▶ **Assignment**:
Pictures stay out of the output. Return exactly the lines below from the one with "Centralna jedinica motora" down to the one with "TRANSMISI GEARBOX PERSNELING", both included, and nothing more.

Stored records
+++

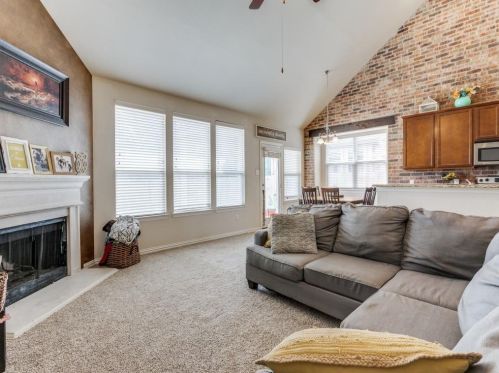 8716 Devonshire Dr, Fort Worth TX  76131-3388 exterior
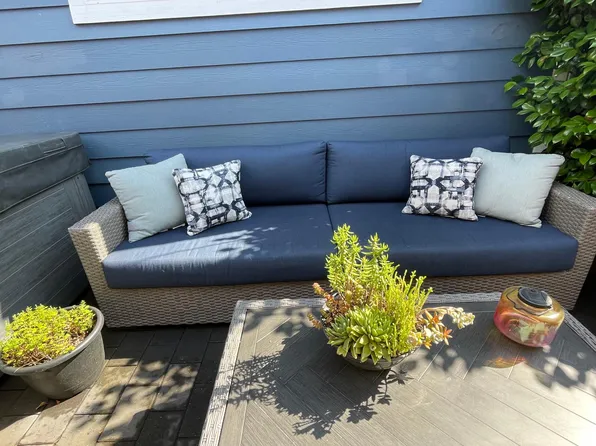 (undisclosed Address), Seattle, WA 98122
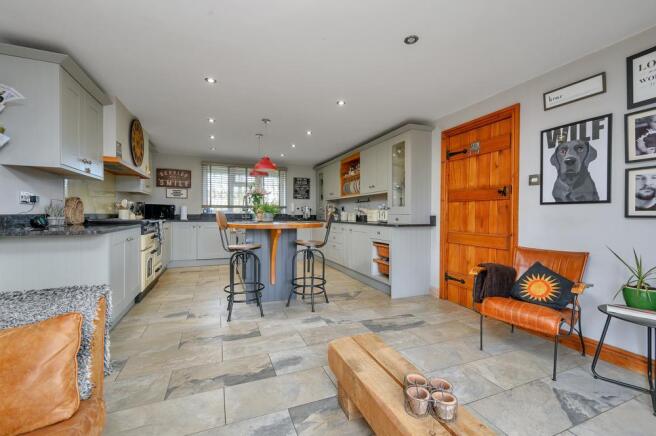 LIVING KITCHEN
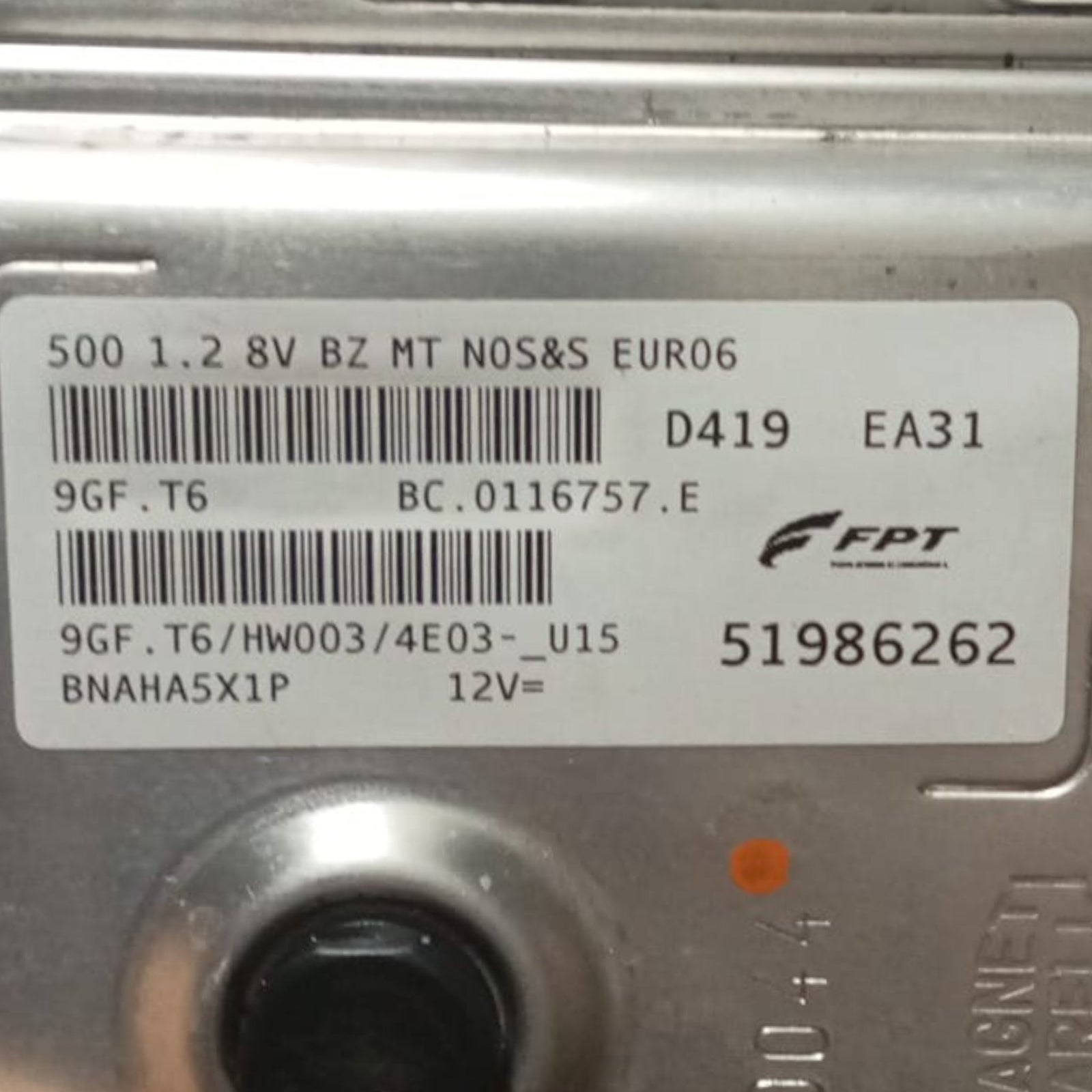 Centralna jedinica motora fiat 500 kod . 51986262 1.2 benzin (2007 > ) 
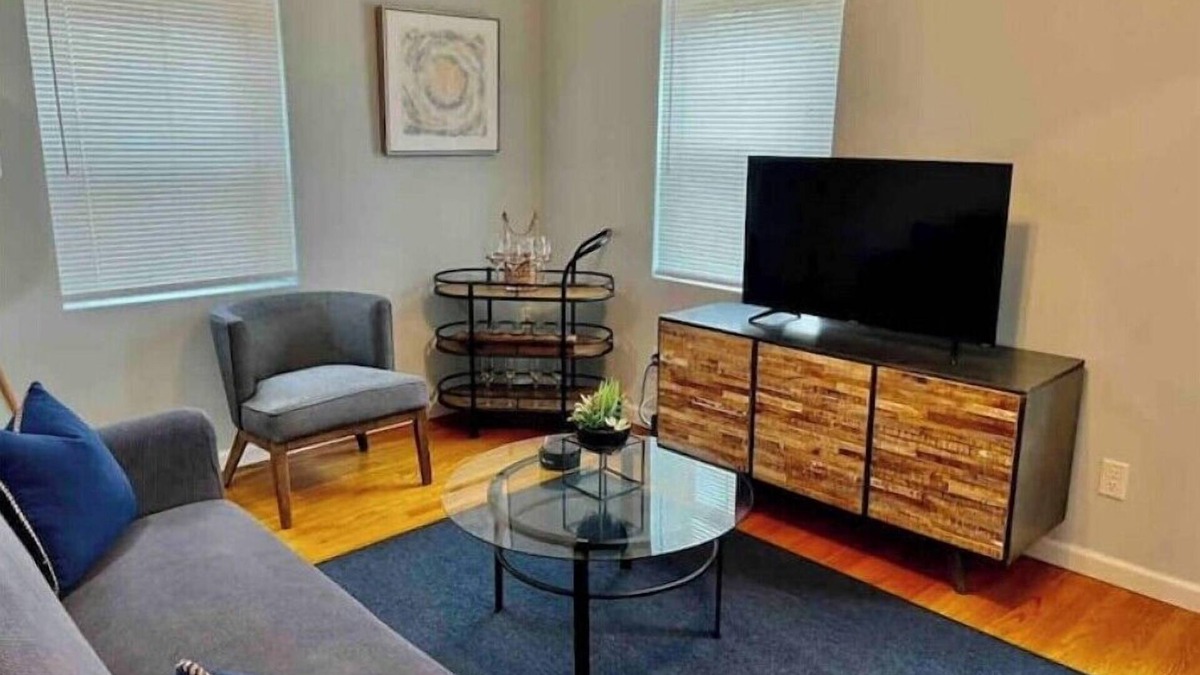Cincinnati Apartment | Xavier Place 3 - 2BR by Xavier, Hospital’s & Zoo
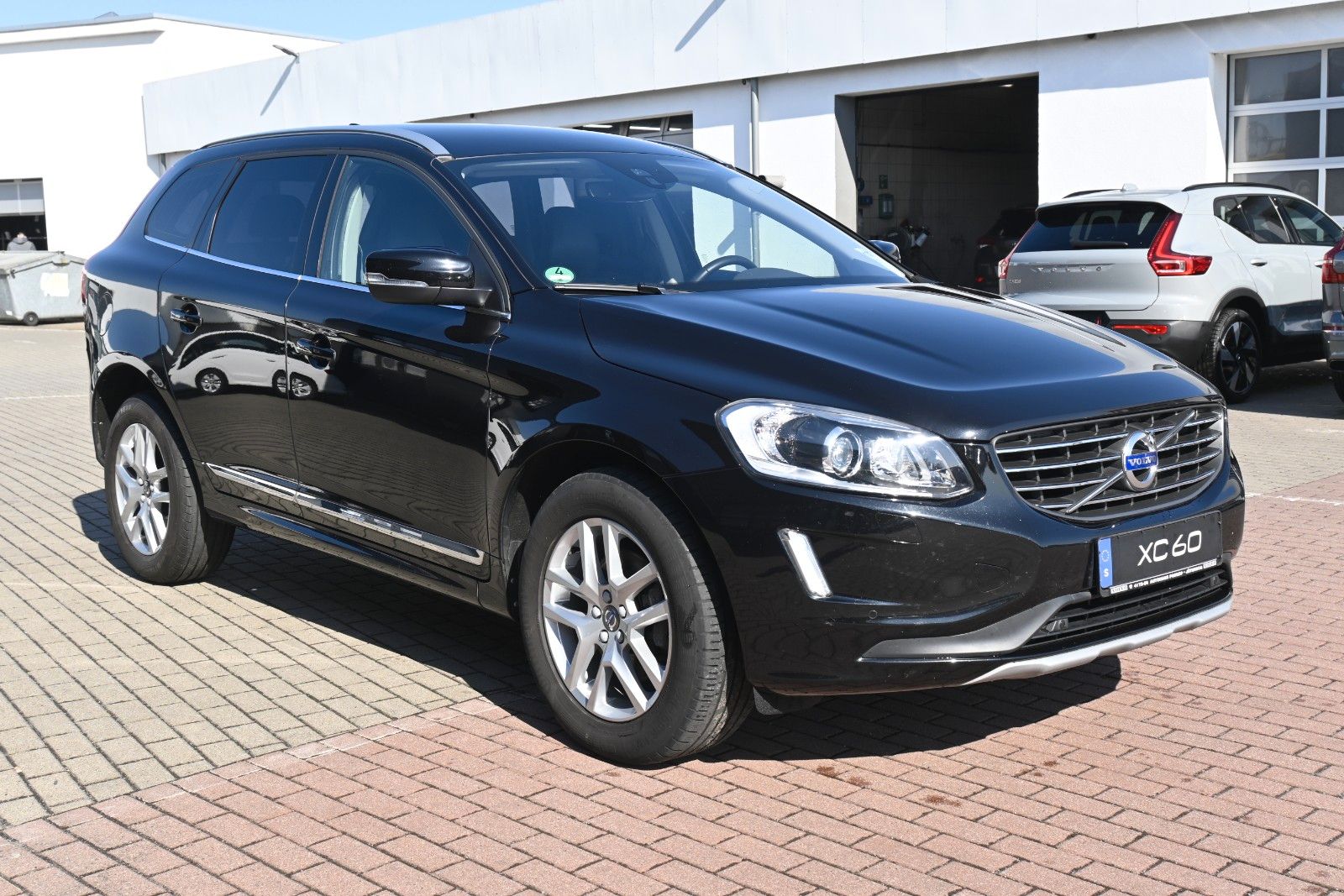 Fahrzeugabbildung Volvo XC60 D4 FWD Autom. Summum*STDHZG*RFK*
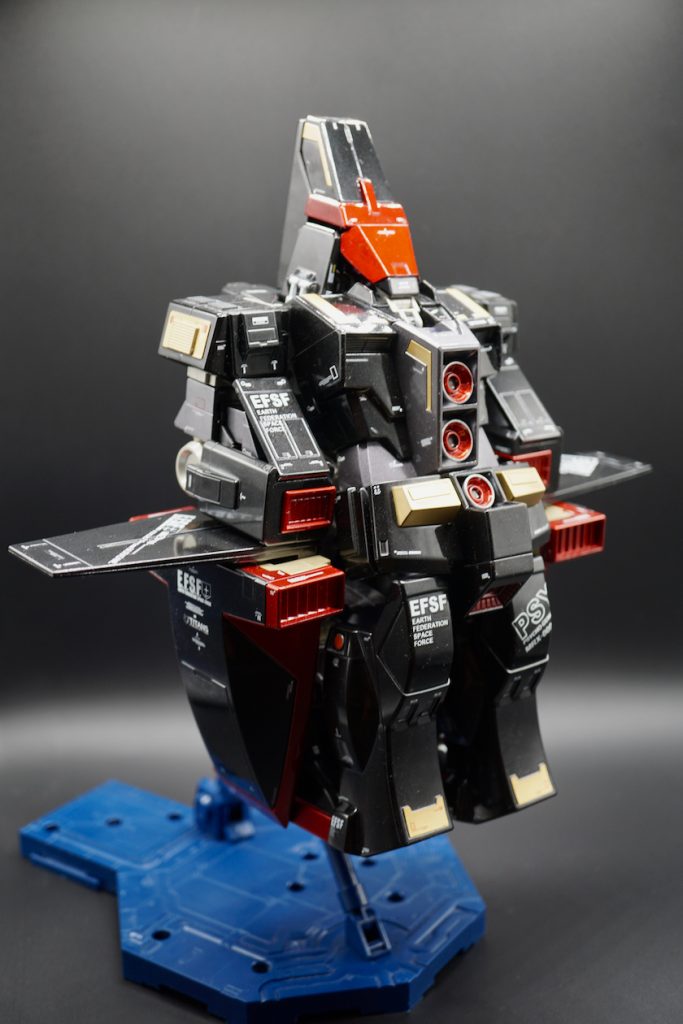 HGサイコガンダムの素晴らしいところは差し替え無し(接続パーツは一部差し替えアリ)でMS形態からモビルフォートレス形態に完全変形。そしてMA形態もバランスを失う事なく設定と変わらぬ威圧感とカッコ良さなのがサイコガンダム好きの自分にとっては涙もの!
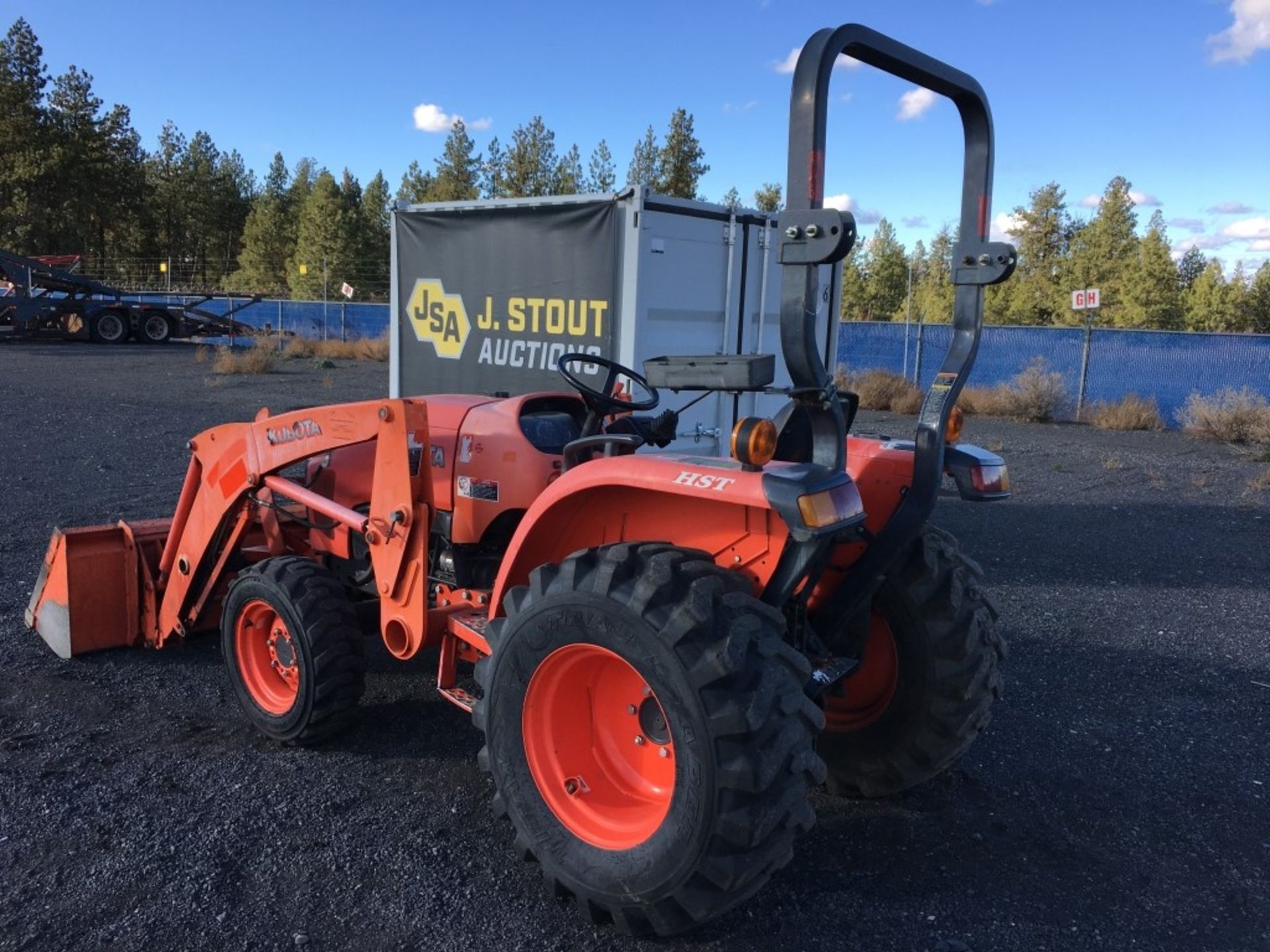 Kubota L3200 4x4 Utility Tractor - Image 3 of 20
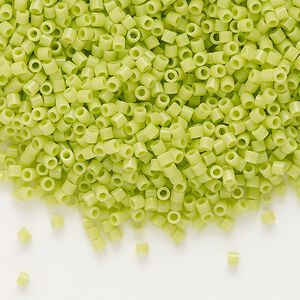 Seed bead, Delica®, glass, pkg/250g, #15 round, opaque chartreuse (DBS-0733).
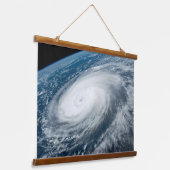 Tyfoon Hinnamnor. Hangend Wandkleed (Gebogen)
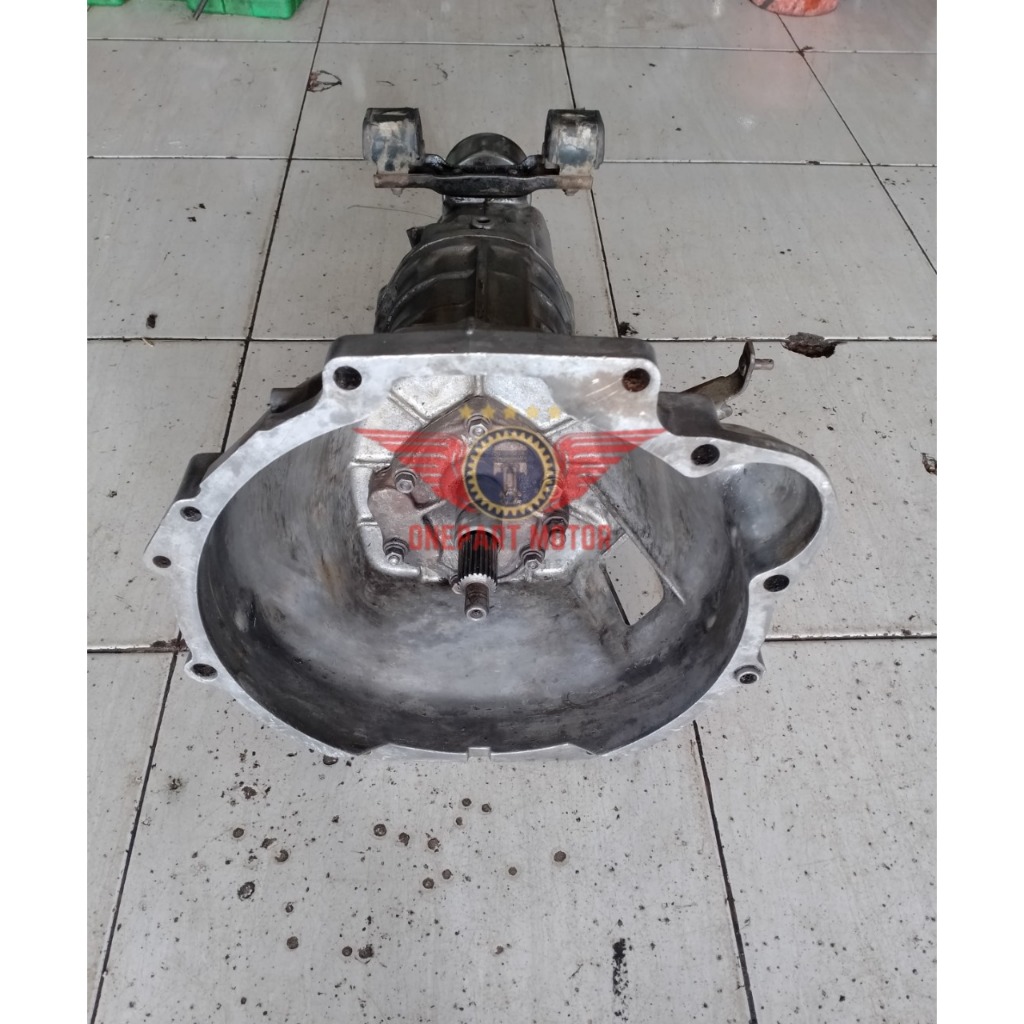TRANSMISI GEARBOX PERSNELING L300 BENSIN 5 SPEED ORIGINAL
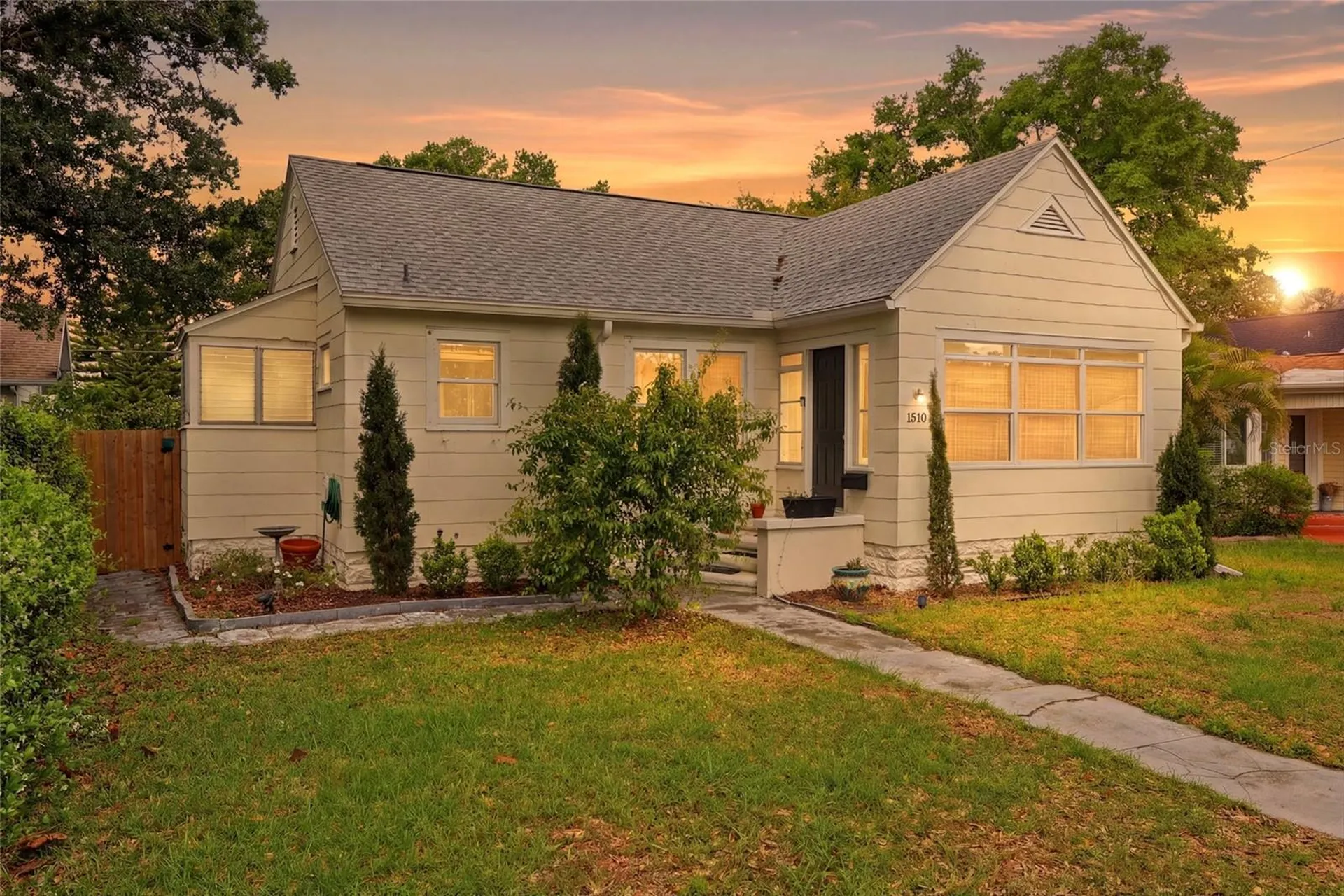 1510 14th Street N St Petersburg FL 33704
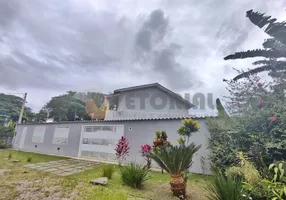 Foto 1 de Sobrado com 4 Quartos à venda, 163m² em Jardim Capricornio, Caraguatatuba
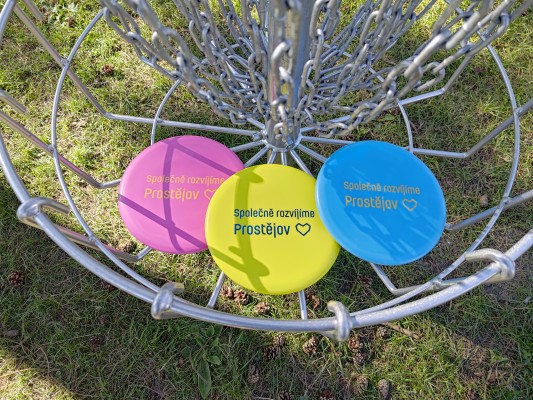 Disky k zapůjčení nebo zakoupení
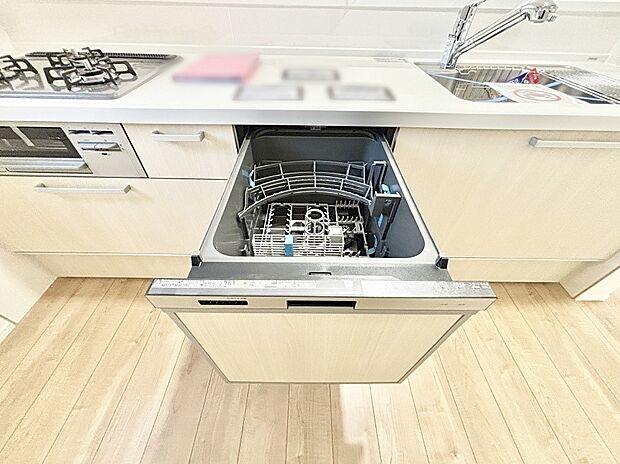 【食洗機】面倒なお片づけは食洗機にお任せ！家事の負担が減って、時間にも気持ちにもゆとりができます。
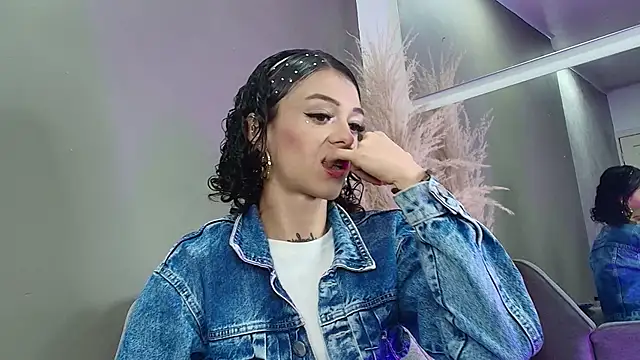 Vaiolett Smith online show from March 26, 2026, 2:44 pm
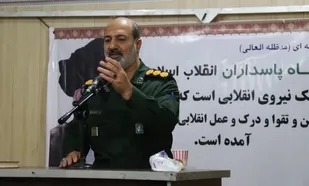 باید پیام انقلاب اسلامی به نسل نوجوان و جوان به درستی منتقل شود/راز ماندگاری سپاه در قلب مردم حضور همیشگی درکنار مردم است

+++

▶ **Solution to this task**:
 Centralna jedinica motora fiat 500 kod . 51986262 1.2 benzin (2007 > ) 
Cincinnati Apartment | Xavier Place 3 - 2BR by Xavier, Hospital’s & Zoo
 Fahrzeugabbildung Volvo XC60 D4 FWD Autom. Summum*STDHZG*RFK*
 HGサイコガンダムの素晴らしいところは差し替え無し(接続パーツは一部差し替えアリ)でMS形態からモビルフォートレス形態に完全変形。そしてMA形態もバランスを失う事なく設定と変わらぬ威圧感とカッコ良さなのがサイコガンダム好きの自分にとっては涙もの!
 Kubota L3200 4x4 Utility Tractor - Image 3 of 20
 Seed bead, Delica®, glass, pkg/250g, #15 round, opaque chartreuse (DBS-0733).
 Tyfoon Hinnamnor. Hangend Wandkleed (Gebogen)
TRANSMISI GEARBOX PERSNELING L300 BENSIN 5 SPEED ORIGINAL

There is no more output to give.